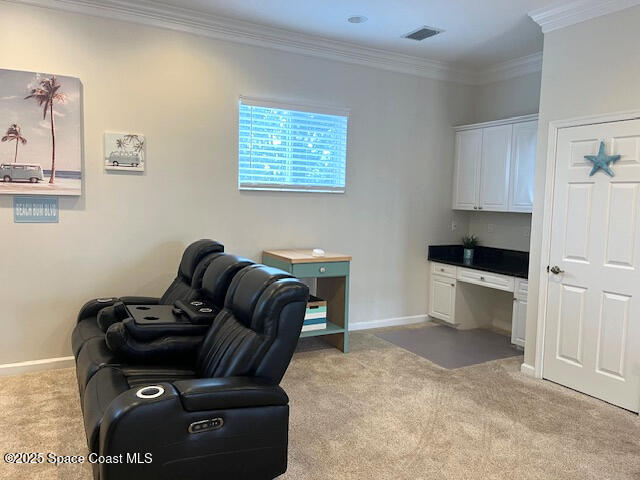 office featuring light colored carpet and crown molding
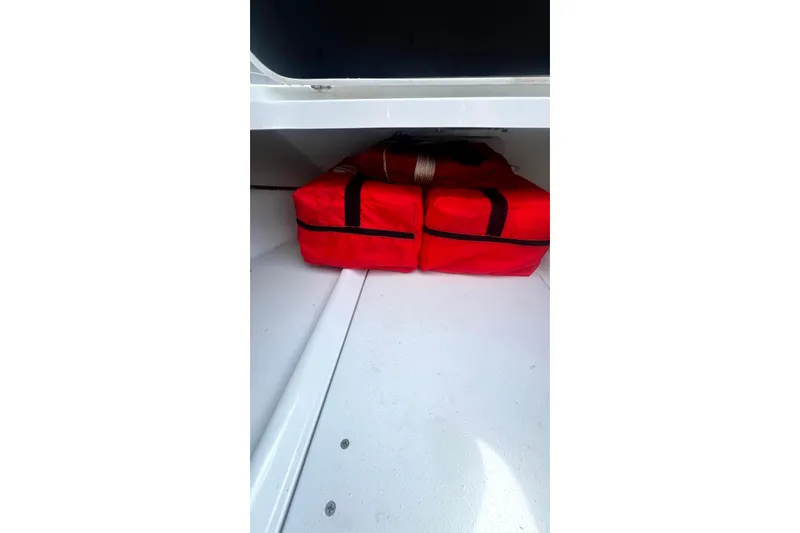 Slide: The Image of Storage compartment with red bags on a 2017 Yellowfin 21 Hybrid boat. - 7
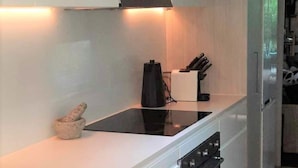 Ett modernt kök med vita skåp, en svart induktionshäll, en inbyggd ugn och ett knivblock.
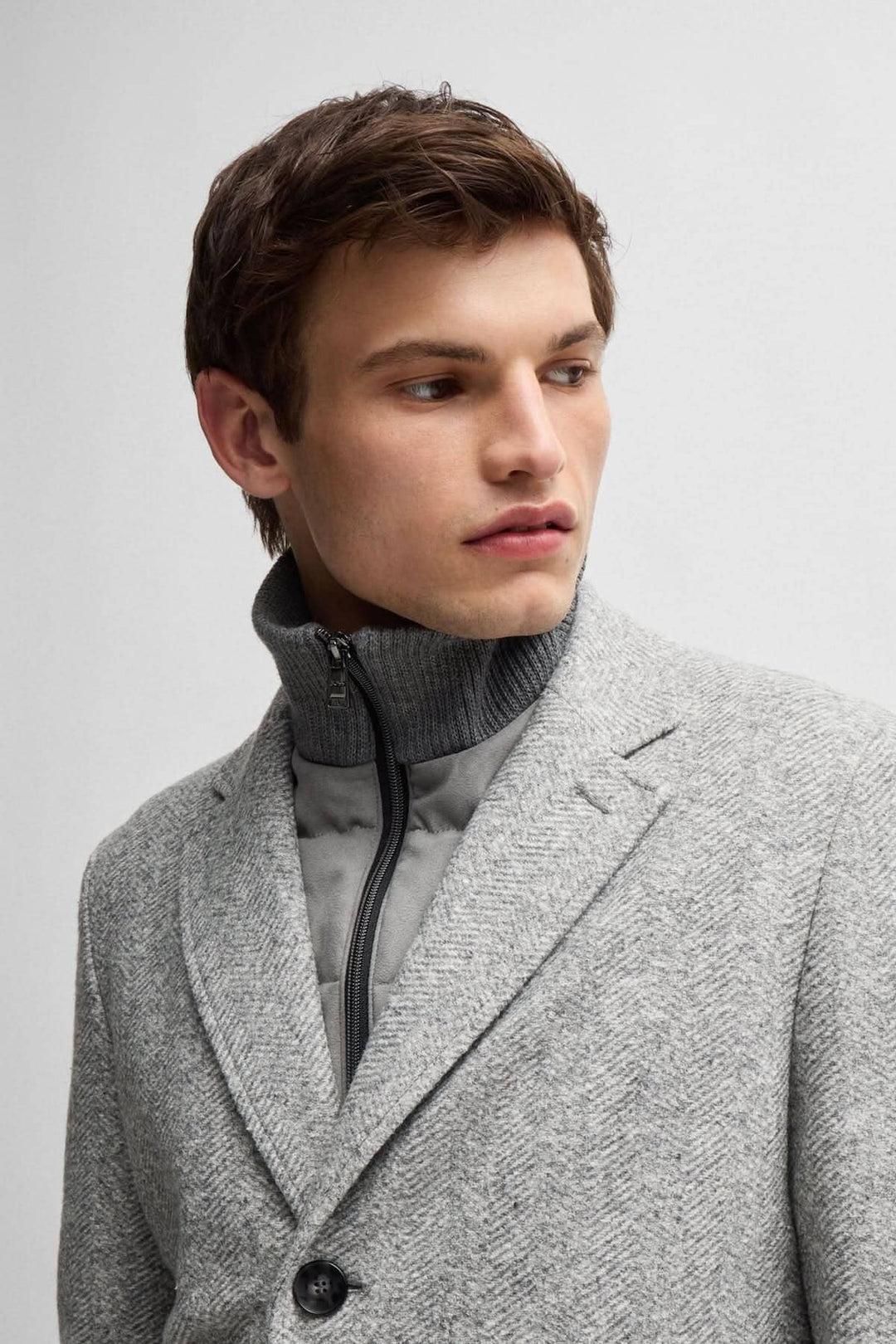 Homme portant un manteau à chevrons gris avec une fermeture éclair amovible, détail sur le col.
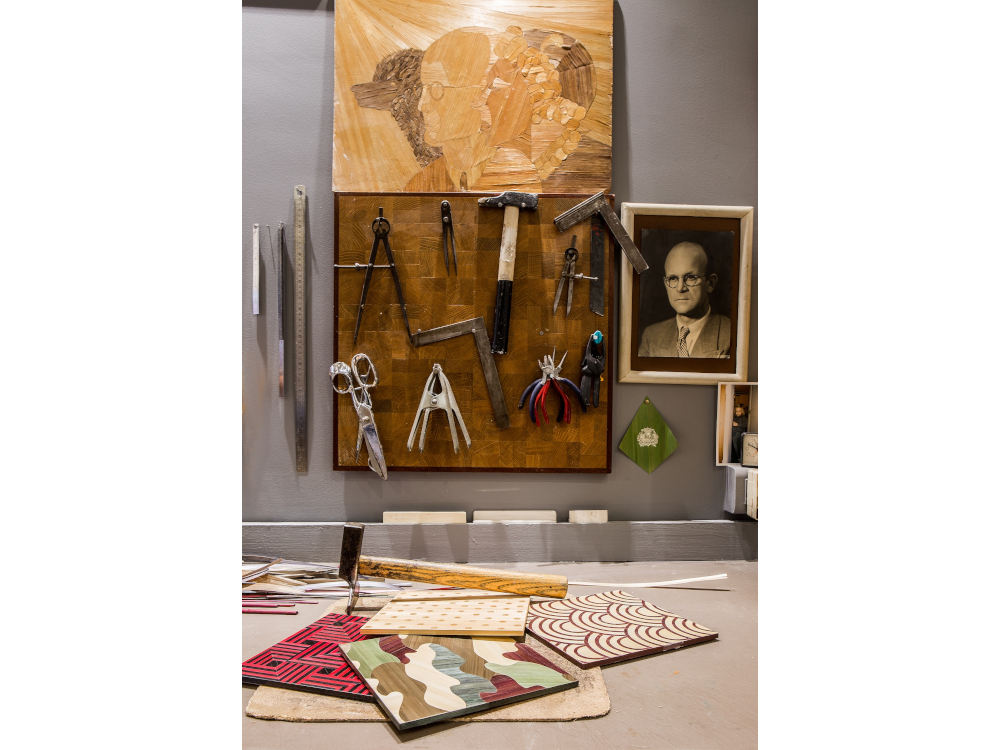 L'autoportrait de famille, r&eacute;alis&eacute; par Andr&eacute; Groult en marqueterie de paille, accroch&eacute; au-dessus de l'&eacute;tabli, veille sur Lison de Caunes.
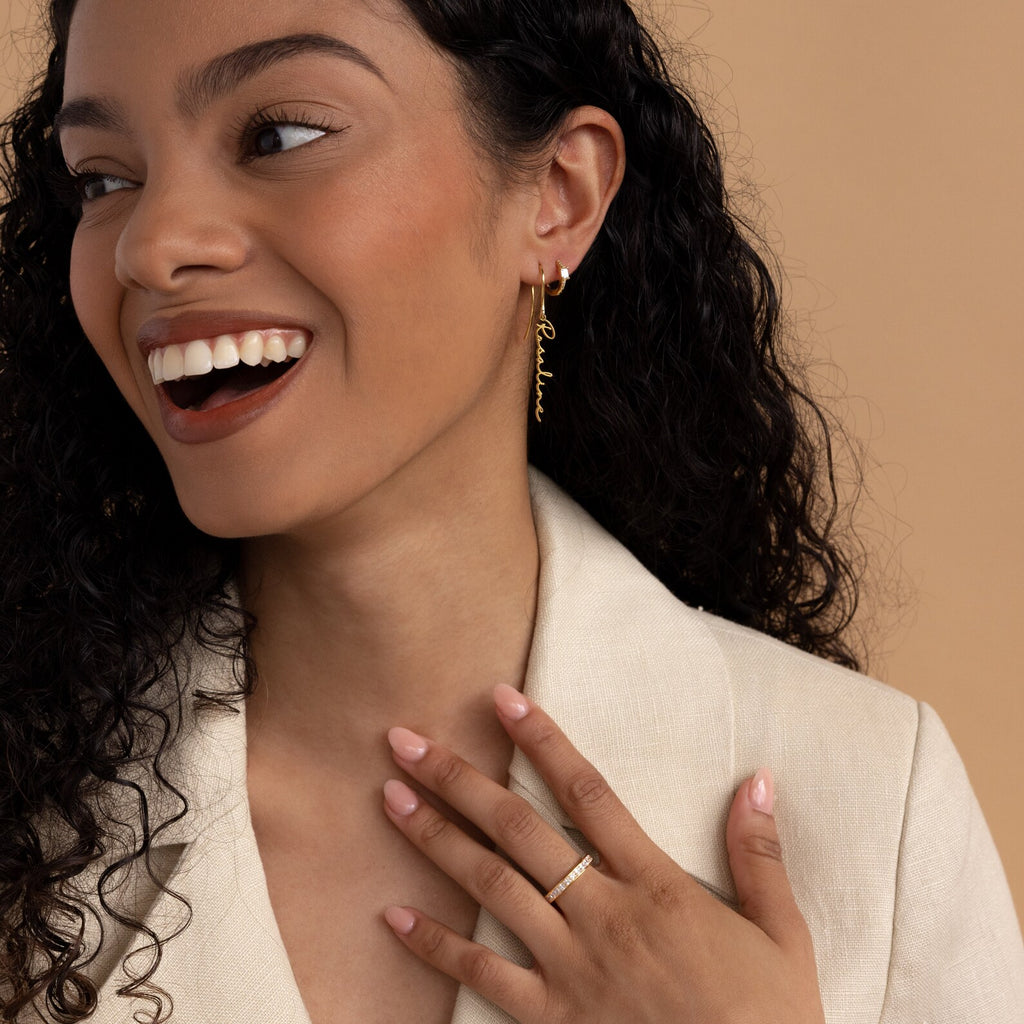 Smiling woman with curly hair wears a cream blazer, a ring, and the Hallie Dangling Name Earrings—showcasing her love for personalized jewelry—as she holds her hand to her chest.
◆ ◆ ◆
*EXERCISE OBJECTIVE:* Reproduce the listing in full and exactly, excluding any pictures it holds.

*TASK SOLUTION:*
 office featuring light colored carpet and crown molding
 Slide: The Image of Storage compartment with red bags on a 2017 Yellowfin 21 Hybrid boat. - 7
 Ett modernt kök med vita skåp, en svart induktionshäll, en inbyggd ugn och ett knivblock.
 Homme portant un manteau à chevrons gris avec une fermeture éclair amovible, détail sur le col.
 L'autoportrait de famille, r&eacute;alis&eacute; par Andr&eacute; Groult en marqueterie de paille, accroch&eacute; au-dessus de l'&eacute;tabli, veille sur Lison de Caunes.
 Smiling woman with curly hair wears a cream blazer, a ring, and the Hallie Dangling Name Earrings—showcasing her love for personalized jewelry—as she holds her hand to her chest.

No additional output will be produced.